Given a parallelogram ABCD. Complete each statement along with the definition or property used.

(i) $\mathrm{AD}=$ $\qquad$
(ii) $\angle \mathrm{DCB}=$ $\qquad$
(iii) $\mathrm{OC}=$ $\qquad$
(iv) $m \angle \mathrm{DAB}+m \angle \mathrm{CDA}=$ $\qquad$
Answer.

(i) $\mathrm{AD}=\mathrm{BC}$
[Since opposite sides of a parallelogram are equal]
(ii) $\angle \mathrm{DCB}=\angle \mathrm{DAB}$
[Since opposite angles of a parallelogram are equal]
(iii) $\mathrm{OC}=\mathrm{OA}$
[Since diagonals of a parallelogram bisect each other]
(iv) $m \angle \mathrm{DAB}+m \angle \mathrm{CDA}=180^{\circ}$
[Adjacent angles in a parallelogram are supplementary]
Ex 3.3 Question 2.

Consider the following parallelograms. Find the values of the unknowns $x, y, z$.

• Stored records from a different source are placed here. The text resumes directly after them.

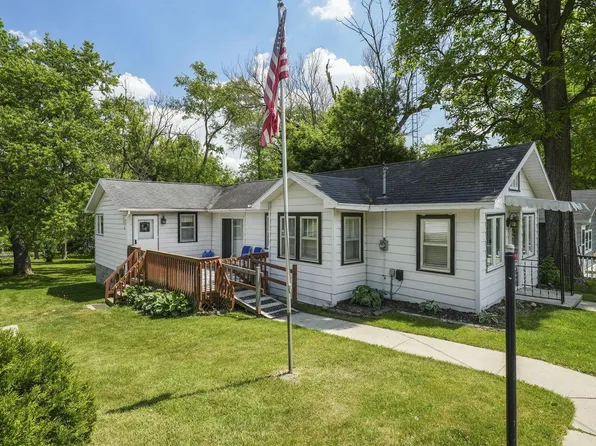 N3224 Beach ROAD, Lake Geneva, WI 53147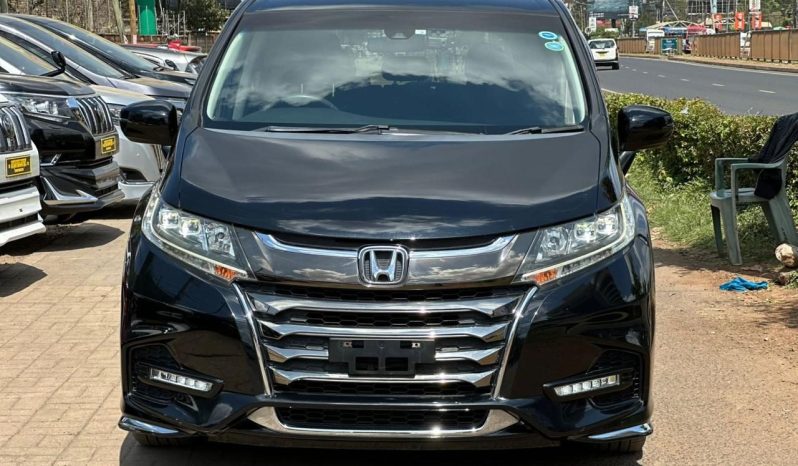 
								Honda Odyssey full									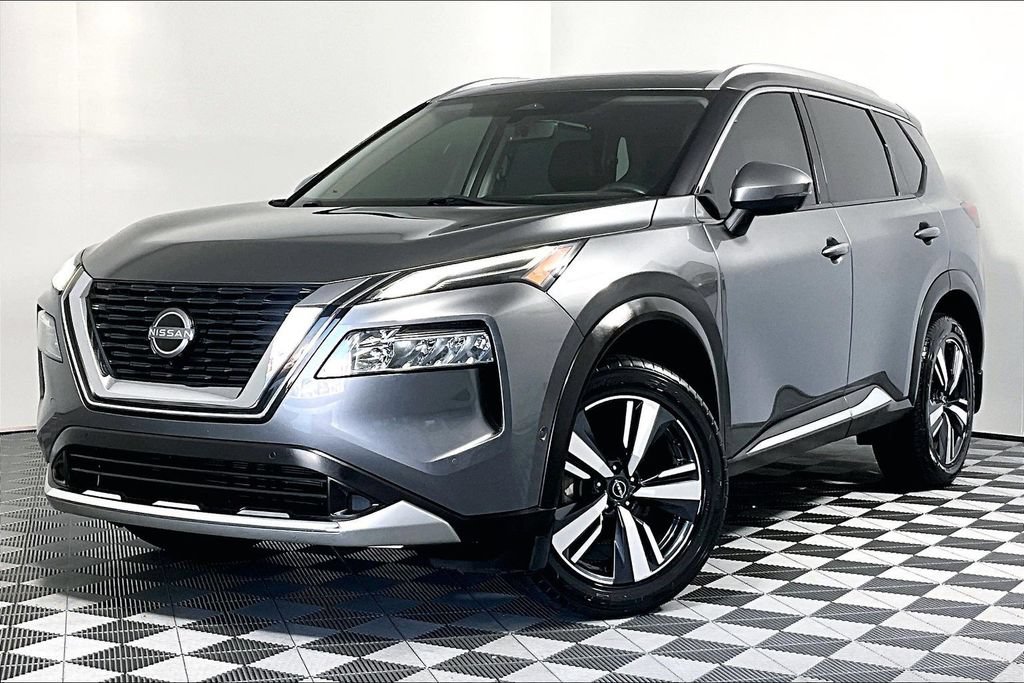 Used 2023 Nissan Rogue Platinum w/ Platinum Premium Package FWD image 2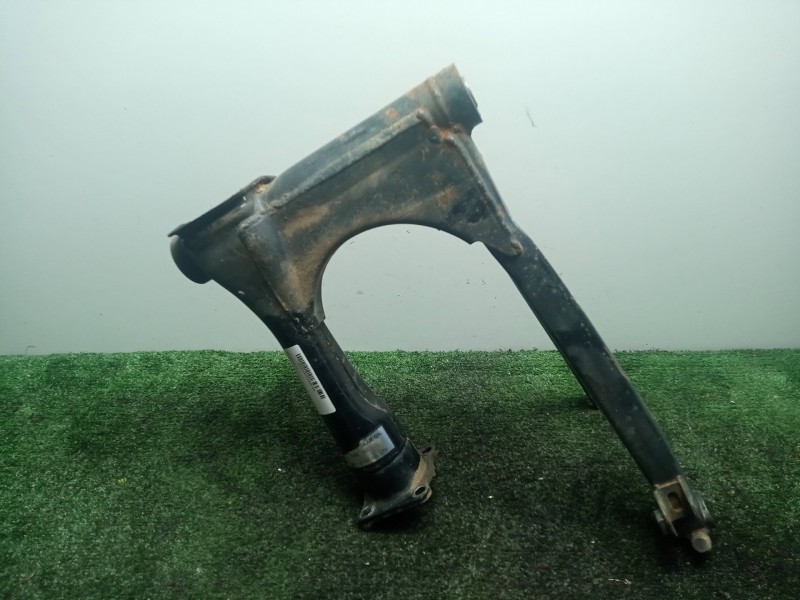 Recambio de basculante para yamaha xj 550 / 650 / 750 referencia OEM IAM 4K0221100033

Note: For getting correct answer, read $3^{\circ}=30^{\circ}$ in figure (iii)
Answer.

(i) $\angle \mathrm{B}+\angle \mathrm{C}=180^{\circ}$

[Adjacent angles in a parallelogram are supplementary]

$
\begin{aligned}
& \Rightarrow 100^{\circ}+x=180^{\circ} \\
& \Rightarrow x=180^{\circ}-100^{\circ}=80^{\circ}
\end{aligned}
$

And $z=x=80^{\circ}$
[Since opposite angles of a parallelogram are equal]
Also $y=100^{\circ}$
[Since opposite angles of a parallelogram are equal]
(ii) $x+50^{\circ}=180^{\circ}$
[Adjacent angles in a $\| \mathrm{gm}$ are supplementary]

$
\begin{aligned}
& \Rightarrow x=180^{\circ}-50^{\circ}=130^{\circ} \\
& \Rightarrow z=x=130^{\circ}
\end{aligned}
$
[Corresponding angles]
$
\Rightarrow \mathrm{y}=\mathrm{x}=130 \text { degrees }
$
[Since opposite angles of a parallelogram are equal]
(iii) $x=90^{\circ}$
[Vertically opposite angles]

$
\Rightarrow y+x+30^{\circ}=180^{\circ}
$
[Angle sum property of a triangle]
$
\begin{aligned}
& \Rightarrow y+90^{\circ}+30^{\circ}=180^{\circ} \\
& \Rightarrow y+120^{\circ}=180^{\circ} \\
& \Rightarrow y=180^{\circ}-120^{\circ}=60^{\circ} \\
& \Rightarrow z=y=60^{\circ}
\end{aligned}
$
[Alternate angles]
(iv) $z=80^{\circ}$
[Corresponding angles]
$
\Rightarrow x+80^{\circ}=180^{\circ}
$
[Adjacent angles in a $\|$ gm are supplementary]

$
\Rightarrow x=180^{\circ}-80^{\circ}=100^{\circ}
$

And $y=80^{\circ}$
[Opposite angles are equal in a $\| \mathrm{gm}$ ]

(v) $y=112^{\circ}$
[Opposite angles are equal in a $\| \mathrm{gm}$ ]

$
\Rightarrow 40^{\circ}+y+x=180^{\circ}
$
[Angle sum property of a triangle]
$
\begin{aligned}
& \Rightarrow 40^{\circ}+112^{\circ}+x=180^{\circ} \Rightarrow 152^{\circ}+x=180^{\circ} \\
& \Rightarrow x=180^{\circ}-152^{\circ}=28^{\circ}
\end{aligned}
$

And $z=x=28^{\circ}$
[Alternate angles]
Ex 3.3 Question 3.

Can a quadrilateral $\mathrm{ABCD}$ be a parallelogram, if:
(i) $\angle \mathrm{D}+\angle \mathrm{B}=180^{\circ}$ ?
(ii) $\mathrm{AB}=\mathrm{DC}=8 \mathrm{~cm}, \mathrm{AD}=4 \mathrm{~cm}$ and $\mathrm{BC}=4.4 \mathrm{~cm}$ ?
(iii) $\angle \mathrm{A}=70^{\circ}$ and $\angle \mathrm{C}=65^{\circ}$ ?

Answer.

(i) $\angle \mathrm{D}+\angle \mathrm{B}=180^{\circ}$
It can be, but here, it needs to be a square or a rectangle.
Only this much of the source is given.